▼
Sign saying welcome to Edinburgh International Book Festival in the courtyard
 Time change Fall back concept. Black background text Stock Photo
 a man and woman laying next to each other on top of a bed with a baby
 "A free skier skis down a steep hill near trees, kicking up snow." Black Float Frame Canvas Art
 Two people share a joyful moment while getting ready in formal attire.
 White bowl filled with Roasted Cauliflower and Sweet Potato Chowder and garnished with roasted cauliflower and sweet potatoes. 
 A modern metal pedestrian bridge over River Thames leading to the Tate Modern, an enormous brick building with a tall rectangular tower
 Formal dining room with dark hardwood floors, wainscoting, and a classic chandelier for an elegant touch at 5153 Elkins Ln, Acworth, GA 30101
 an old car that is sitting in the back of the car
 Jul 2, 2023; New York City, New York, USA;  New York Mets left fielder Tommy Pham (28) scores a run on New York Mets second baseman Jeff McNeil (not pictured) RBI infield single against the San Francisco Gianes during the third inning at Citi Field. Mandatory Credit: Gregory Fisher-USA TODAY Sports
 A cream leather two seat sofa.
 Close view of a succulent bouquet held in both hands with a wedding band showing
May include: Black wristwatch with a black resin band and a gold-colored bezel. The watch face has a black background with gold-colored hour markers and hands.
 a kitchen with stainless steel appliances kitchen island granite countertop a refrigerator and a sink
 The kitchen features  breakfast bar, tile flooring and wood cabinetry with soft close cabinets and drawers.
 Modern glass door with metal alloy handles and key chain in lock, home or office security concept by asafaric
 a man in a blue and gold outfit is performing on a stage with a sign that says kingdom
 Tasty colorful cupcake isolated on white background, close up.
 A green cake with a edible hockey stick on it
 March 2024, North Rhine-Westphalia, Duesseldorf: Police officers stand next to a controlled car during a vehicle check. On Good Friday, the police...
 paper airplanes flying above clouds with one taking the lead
▲
Look in the material above for the line with "Two people share" and the line with "White bowl filled", and transcribe exactly those lines and all lines between them, nothing more.

 Two people share a joyful moment while getting ready in formal attire.
 White bowl filled with Roasted Cauliflower and Sweet Potato Chowder and garnished with roasted cauliflower and sweet potatoes. 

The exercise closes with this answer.